Chatterbox

Elizabeth Cheney, Deferment Baby

How Dick Cheney dodged the Vietnam draft.

“[T]he Senator from Massachusetts has given us ample doubts about his judgment and the attitude he brings to bear on vital issues of national security,” Vice President Dick Cheney said during a March 17 visit to the Ronald Reagan Presidential Library and Museum. He was talking, of course, about John Kerry, the putative Democratic presidential nominee. During the past three years, we’ve all become better acquainted with Vice President Cheney’s judgment and attitude toward national security, which are a good deal more hawkish than Kerry’s. A widely observed irony is that the dovish Kerry saw combat in Vietnam while the hawkish Cheney accepted a series of student and family-related draft deferments. Cheney’s unself-consciousness about this is (or at least was) so pronounced that in 1989 he told George C. Wilson of the Washington Post, “I had other priorities in the ‘60s than military service.”

What Chatterbox never realized until recently, however, is that Cheney’s eldest daughter, Elizabeth Cheney, likely owes her very existence to her father’s avoidance of the Vietnam draft.

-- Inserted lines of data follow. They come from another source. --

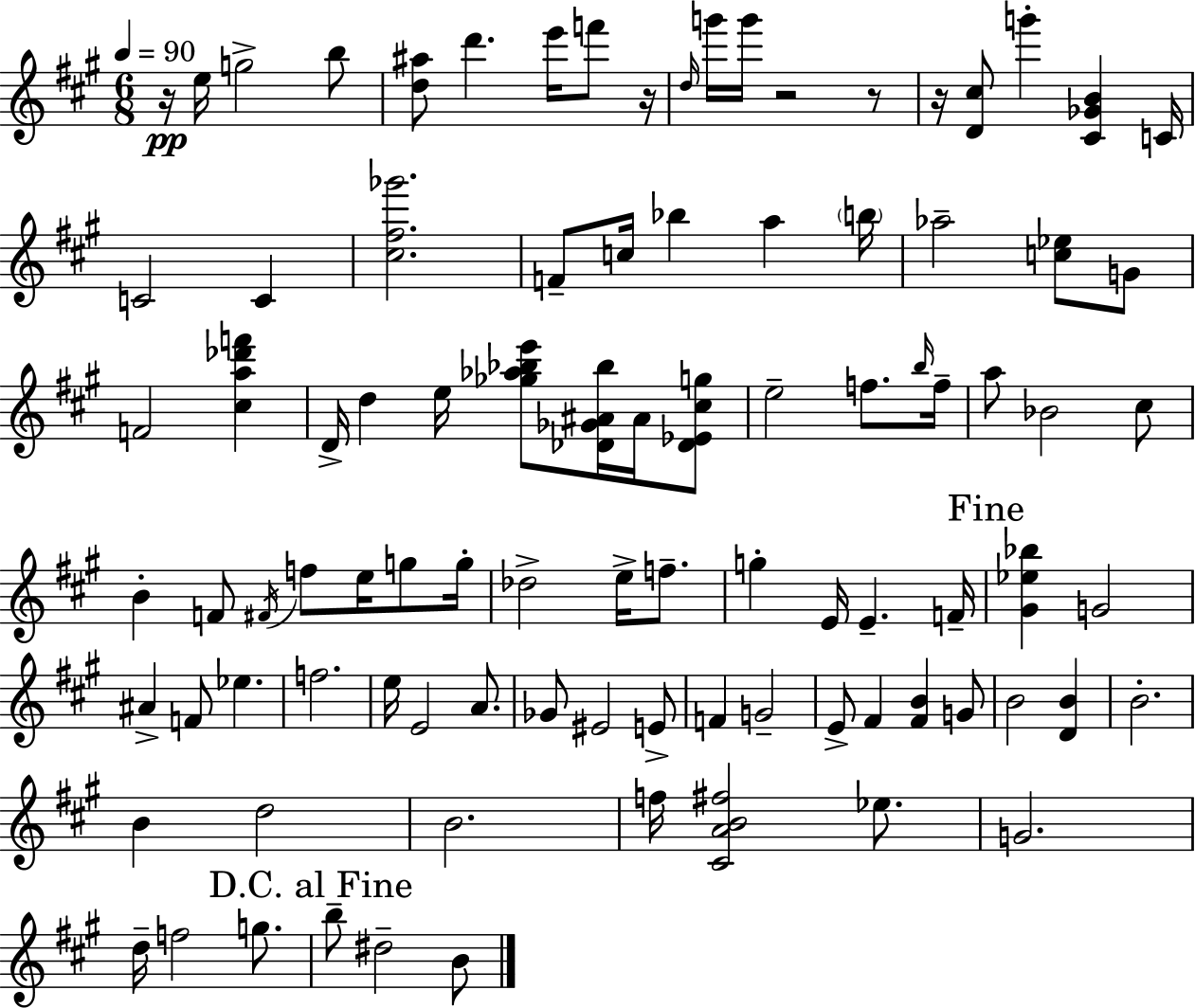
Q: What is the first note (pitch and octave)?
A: E5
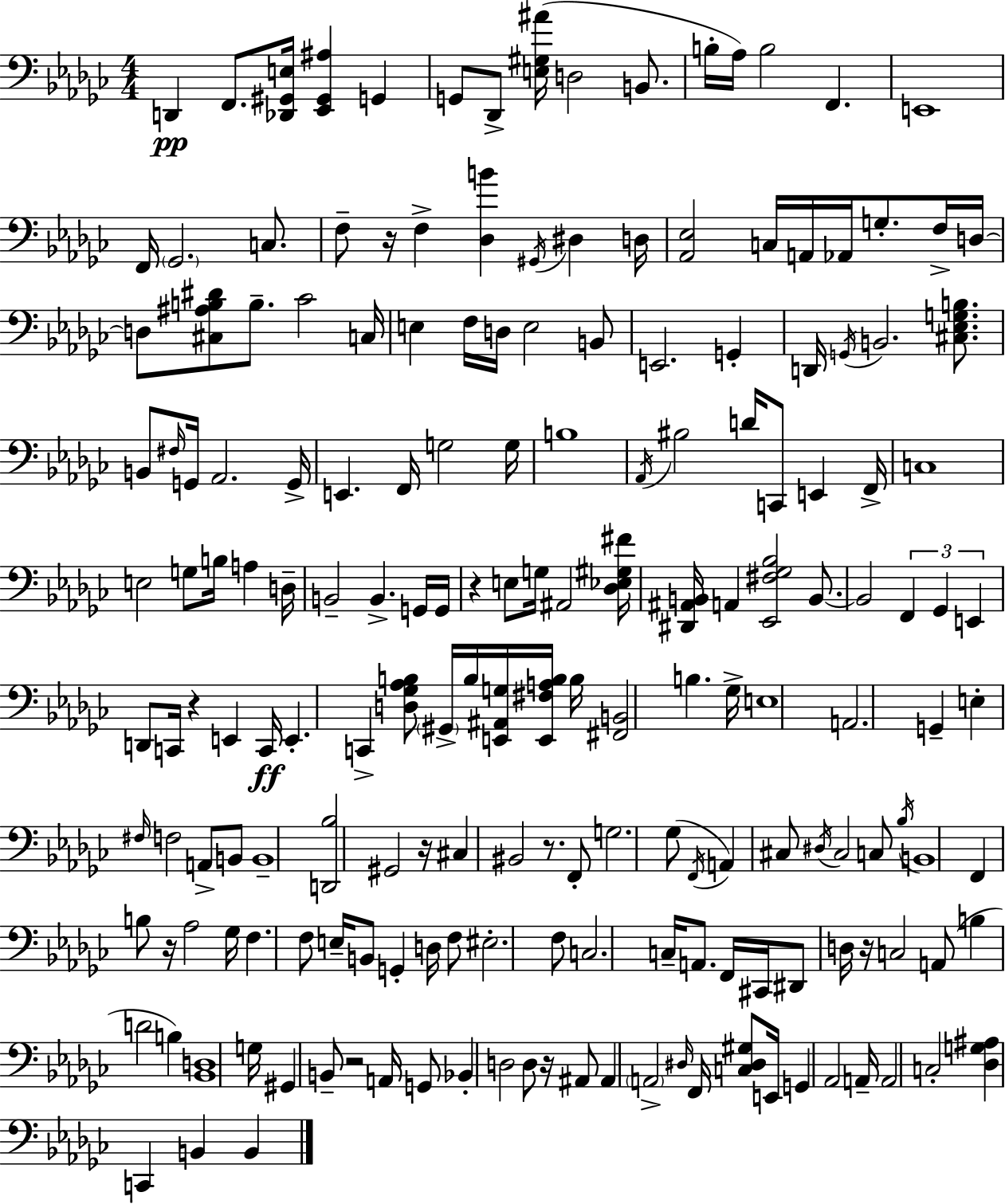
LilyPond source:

{
  \clef bass
  \numericTimeSignature
  \time 4/4
  \key ees \minor
  d,4\pp f,8. <des, gis, e>16 <ees, gis, ais>4 g,4 | g,8 des,8-> <e gis ais'>16( d2 b,8. | b16-. aes16) b2 f,4. | e,1 | \break f,16 \parenthesize ges,2. c8. | f8-- r16 f4-> <des b'>4 \acciaccatura { gis,16 } dis4 | d16 <aes, ees>2 c16 a,16 aes,16 g8.-. f16-> | d16~~ d8 <cis ais b dis'>8 b8.-- ces'2 | \break c16 e4 f16 d16 e2 b,8 | e,2. g,4-. | d,16 \acciaccatura { g,16 } b,2. <cis ees g b>8. | b,8 \grace { fis16 } g,16 aes,2. | \break g,16-> e,4. f,16 g2 | g16 b1 | \acciaccatura { aes,16 } bis2 d'16 c,8 e,4 | f,16-> c1 | \break e2 g8 b16 a4 | d16-- b,2-- b,4.-> | g,16 g,16 r4 e8 g16 ais,2 | <des ees gis fis'>16 <dis, ais, b,>16 a,4 <ees, fis ges bes>2 | \break b,8.~~ b,2 \tuplet 3/2 { f,4 | ges,4 e,4 } d,8 c,16 r4 e,4 | c,16\ff e,4.-. c,4-> <d ges aes b>8 | \parenthesize gis,16-> b16 <e, ais, g>16 <e, fis a b>16 b16 <fis, b,>2 b4. | \break ges16-> e1 | a,2. | g,4-- e4-. \grace { fis16 } f2 | a,8-> b,8 b,1-- | \break <d, bes>2 gis,2 | r16 cis4 bis,2 | r8. f,8-. g2. | ges8( \acciaccatura { f,16 } a,4) cis8 \acciaccatura { dis16 } cis2 | \break c8 \acciaccatura { bes16 } b,1 | f,4 b8 r16 aes2 | ges16 f4. f8 | e16-- b,8 g,4-. d16 f8 eis2.-. | \break f8 c2. | c16-- a,8. f,16 cis,16 dis,8 d16 r16 c2 | a,8( b4 d'2 | b4) <bes, d>1 | \break g16 gis,4 b,8-- r2 | a,16 g,8 bes,4-. d2 | d8 r16 ais,8 ais,4 \parenthesize a,2-> | \grace { dis16 } f,16 <c dis gis>8 e,16 g,4 | \break aes,2 a,16-- a,2 | c2-. <des g ais>4 c,4 | b,4 b,4 \bar "|."
}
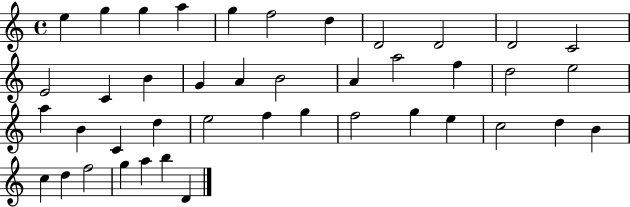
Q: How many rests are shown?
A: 0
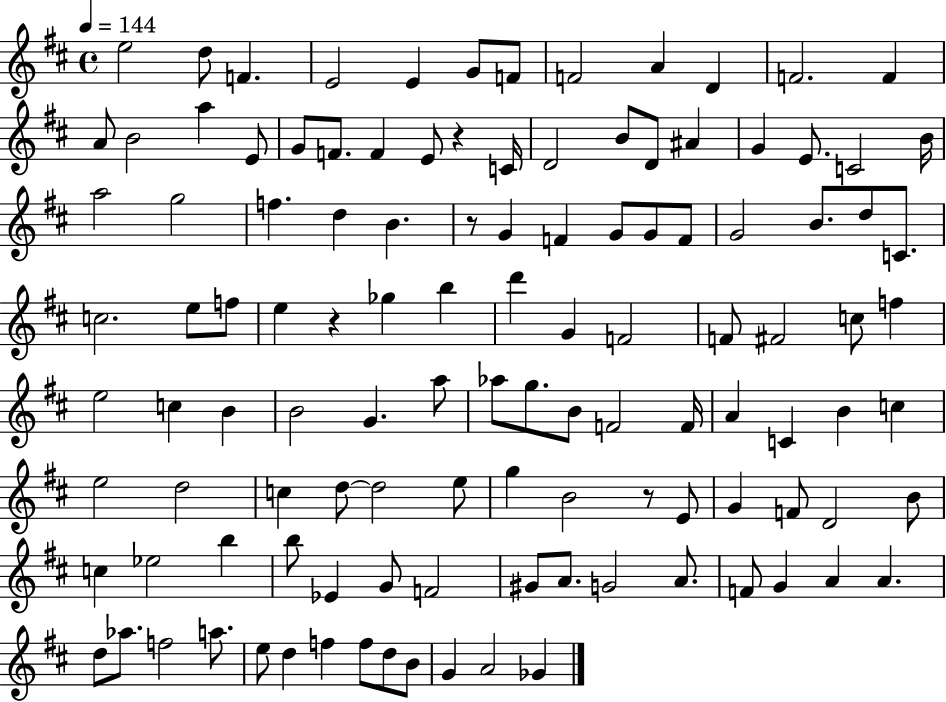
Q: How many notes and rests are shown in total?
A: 116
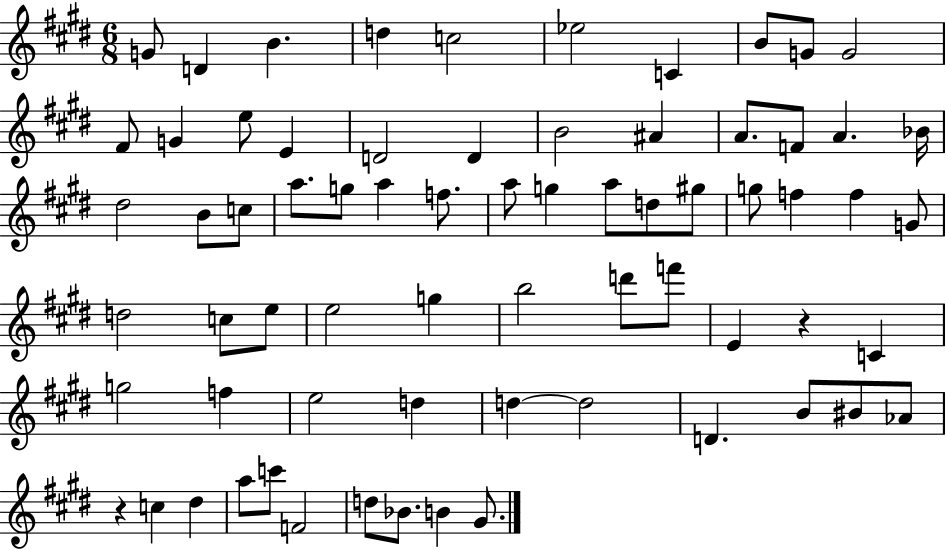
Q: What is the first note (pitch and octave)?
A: G4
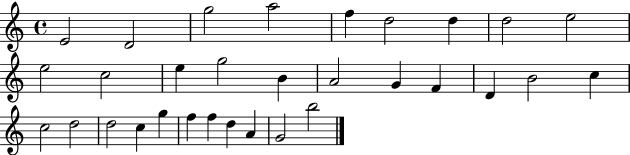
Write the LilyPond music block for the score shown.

{
  \clef treble
  \time 4/4
  \defaultTimeSignature
  \key c \major
  e'2 d'2 | g''2 a''2 | f''4 d''2 d''4 | d''2 e''2 | \break e''2 c''2 | e''4 g''2 b'4 | a'2 g'4 f'4 | d'4 b'2 c''4 | \break c''2 d''2 | d''2 c''4 g''4 | f''4 f''4 d''4 a'4 | g'2 b''2 | \break \bar "|."
}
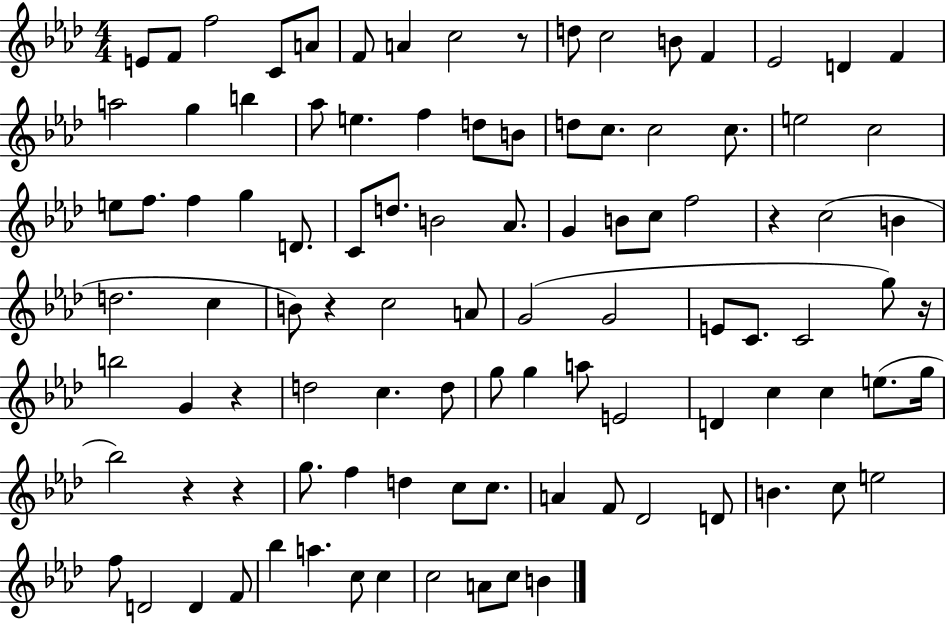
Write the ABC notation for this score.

X:1
T:Untitled
M:4/4
L:1/4
K:Ab
E/2 F/2 f2 C/2 A/2 F/2 A c2 z/2 d/2 c2 B/2 F _E2 D F a2 g b _a/2 e f d/2 B/2 d/2 c/2 c2 c/2 e2 c2 e/2 f/2 f g D/2 C/2 d/2 B2 _A/2 G B/2 c/2 f2 z c2 B d2 c B/2 z c2 A/2 G2 G2 E/2 C/2 C2 g/2 z/4 b2 G z d2 c d/2 g/2 g a/2 E2 D c c e/2 g/4 _b2 z z g/2 f d c/2 c/2 A F/2 _D2 D/2 B c/2 e2 f/2 D2 D F/2 _b a c/2 c c2 A/2 c/2 B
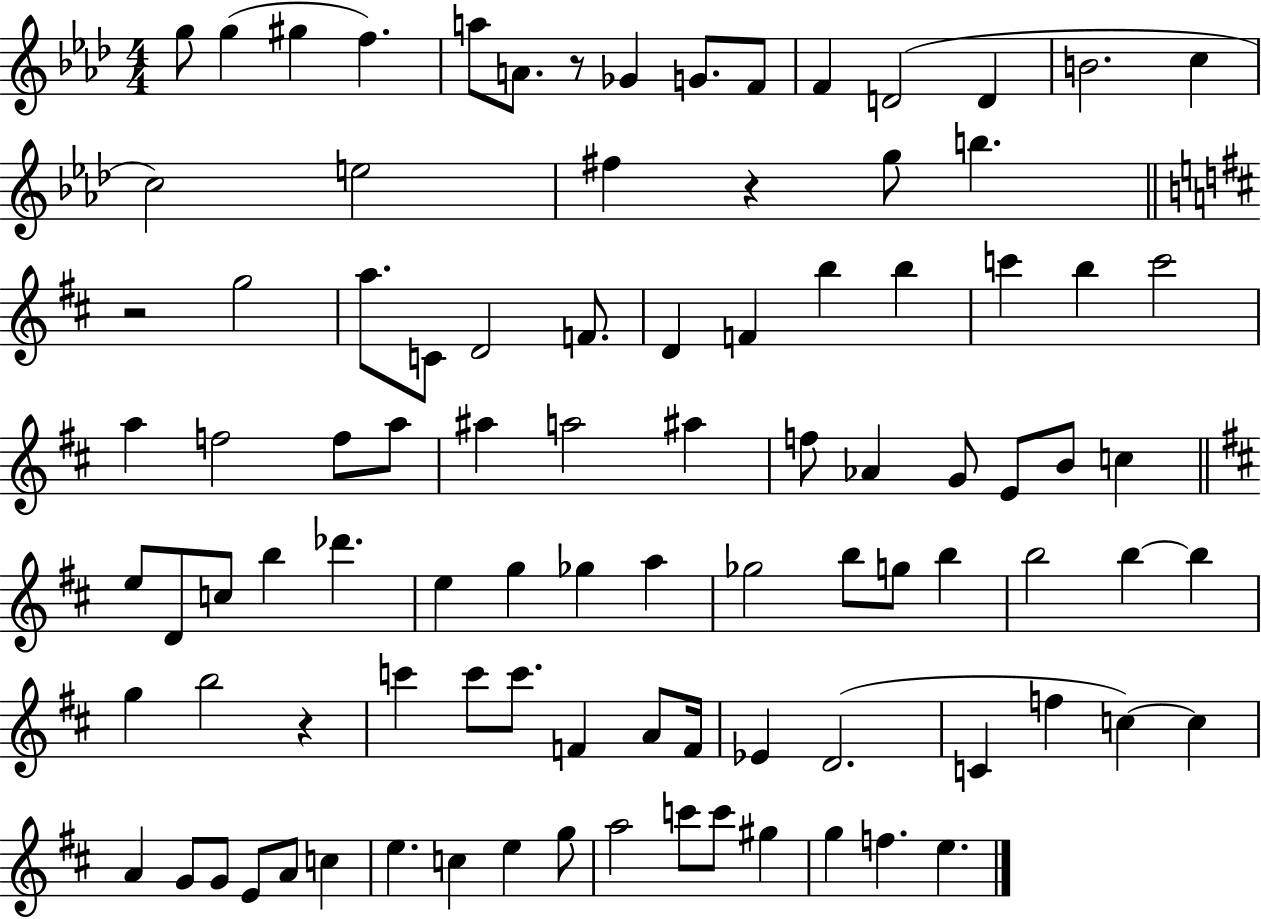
G5/e G5/q G#5/q F5/q. A5/e A4/e. R/e Gb4/q G4/e. F4/e F4/q D4/h D4/q B4/h. C5/q C5/h E5/h F#5/q R/q G5/e B5/q. R/h G5/h A5/e. C4/e D4/h F4/e. D4/q F4/q B5/q B5/q C6/q B5/q C6/h A5/q F5/h F5/e A5/e A#5/q A5/h A#5/q F5/e Ab4/q G4/e E4/e B4/e C5/q E5/e D4/e C5/e B5/q Db6/q. E5/q G5/q Gb5/q A5/q Gb5/h B5/e G5/e B5/q B5/h B5/q B5/q G5/q B5/h R/q C6/q C6/e C6/e. F4/q A4/e F4/s Eb4/q D4/h. C4/q F5/q C5/q C5/q A4/q G4/e G4/e E4/e A4/e C5/q E5/q. C5/q E5/q G5/e A5/h C6/e C6/e G#5/q G5/q F5/q. E5/q.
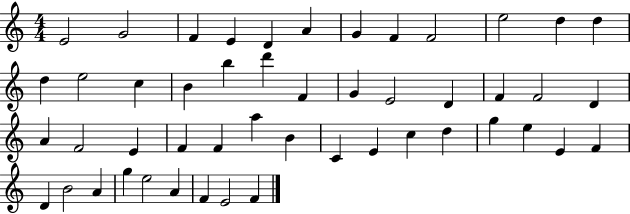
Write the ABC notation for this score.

X:1
T:Untitled
M:4/4
L:1/4
K:C
E2 G2 F E D A G F F2 e2 d d d e2 c B b d' F G E2 D F F2 D A F2 E F F a B C E c d g e E F D B2 A g e2 A F E2 F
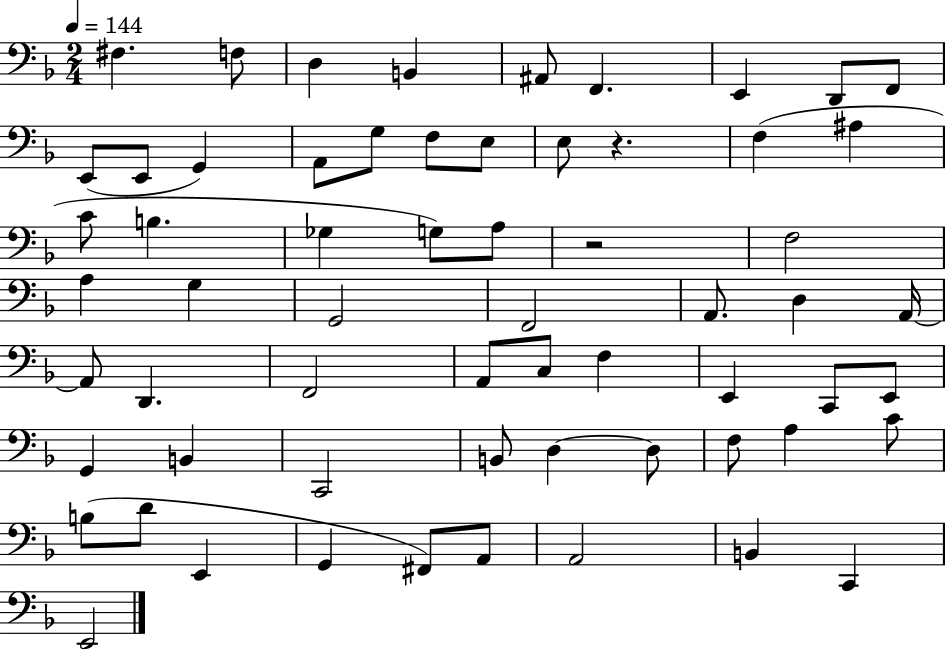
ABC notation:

X:1
T:Untitled
M:2/4
L:1/4
K:F
^F, F,/2 D, B,, ^A,,/2 F,, E,, D,,/2 F,,/2 E,,/2 E,,/2 G,, A,,/2 G,/2 F,/2 E,/2 E,/2 z F, ^A, C/2 B, _G, G,/2 A,/2 z2 F,2 A, G, G,,2 F,,2 A,,/2 D, A,,/4 A,,/2 D,, F,,2 A,,/2 C,/2 F, E,, C,,/2 E,,/2 G,, B,, C,,2 B,,/2 D, D,/2 F,/2 A, C/2 B,/2 D/2 E,, G,, ^F,,/2 A,,/2 A,,2 B,, C,, E,,2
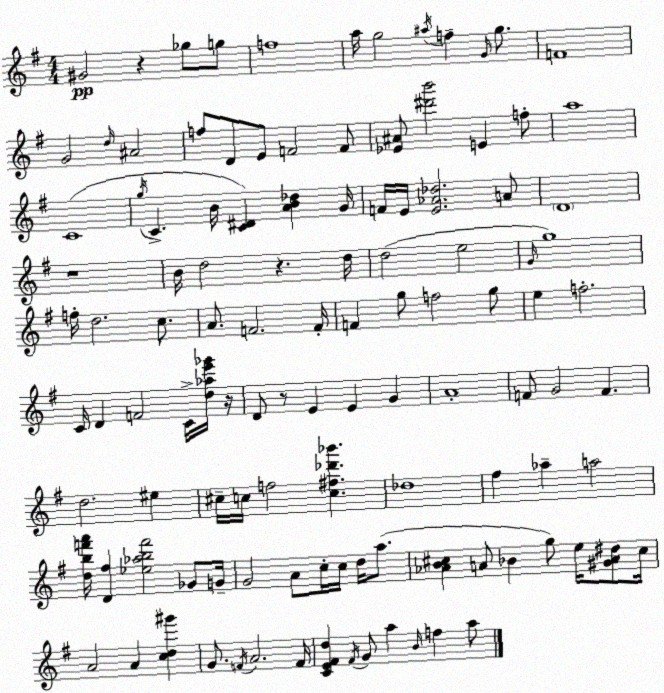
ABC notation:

X:1
T:Untitled
M:4/4
L:1/4
K:G
^G2 z _g/2 g/2 f4 a/4 g2 ^a/4 f G/4 g/2 F4 G2 d/4 ^A2 f/2 D/2 E/2 F2 F/2 [_E^A]/2 [^d'b']2 E f/2 a4 C4 g/4 C B/4 [C^D] [AB_d] G/4 F/4 E/4 [E_A_d]2 A/2 D4 z4 B/4 d2 z d/4 d2 e2 G/4 g4 f/4 d2 c/2 A/2 F2 F/4 F g/2 f2 g/2 e f2 C/4 D F2 C/4 [d_ae'_g']/4 z/4 D/2 z/2 E E G A4 F/2 G2 F d2 ^e ^c/4 c/4 f2 [c^f_d'_b'] _d4 ^f _a a2 [dbf'a']/4 [D^f] [_e_abf']2 _G/2 G/4 G2 A/2 c/4 c/4 d/4 a/2 [_AB^c] A/2 _B g/2 e/4 [^GA^d]/2 ^c/4 A2 A [cd^g'] G/2 F/4 A2 F/4 [CE^Fd] ^F/4 G/2 a B/4 f a/2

The Washington Post’s Phil McCombs made the intimate calculations in a profile published in April 1991, when Cheney was defense secretary. The timeline:

Aug. 29, 1964: Dick and Lynne Cheney marry.May 19, 1965: The Selective Service classifies Dick Cheney 1-A, “available immediately for military service.”July 28, 1965: President Lyndon Johnson says draft calls will be doubled.Oct. 26, 1965: The Selective Service declares that married men without children, who were previously exempted from the draft, will now be called up. Married men with children remain exempt.Jan. 19, 1966: The Selective Service reclassifies Dick Cheney 3-A, “deferred from military service because service would cause hardship upon his family,” because his wife is pregnant with their first child.July 28, 1966: Elizabeth Cheney is born.Jan. 30, 1967: Dick Cheney turns 26 and therefore becomes ineligible for the draft.

Dedicated students of obstetrics will observe that Elizabeth Cheney’s birth date falls precisely nine months and two days after the Selective Service publicly revoked its policy of not drafting childless husbands. This would seem to indicate that the Cheneys, though doubtless planning to have children sometime, were seized with an untamable passion the moment Dick Cheney became vulnerable to the Vietnam draft. And acted on it. Carpe diem!

Who says government policy can’t affect human behavior?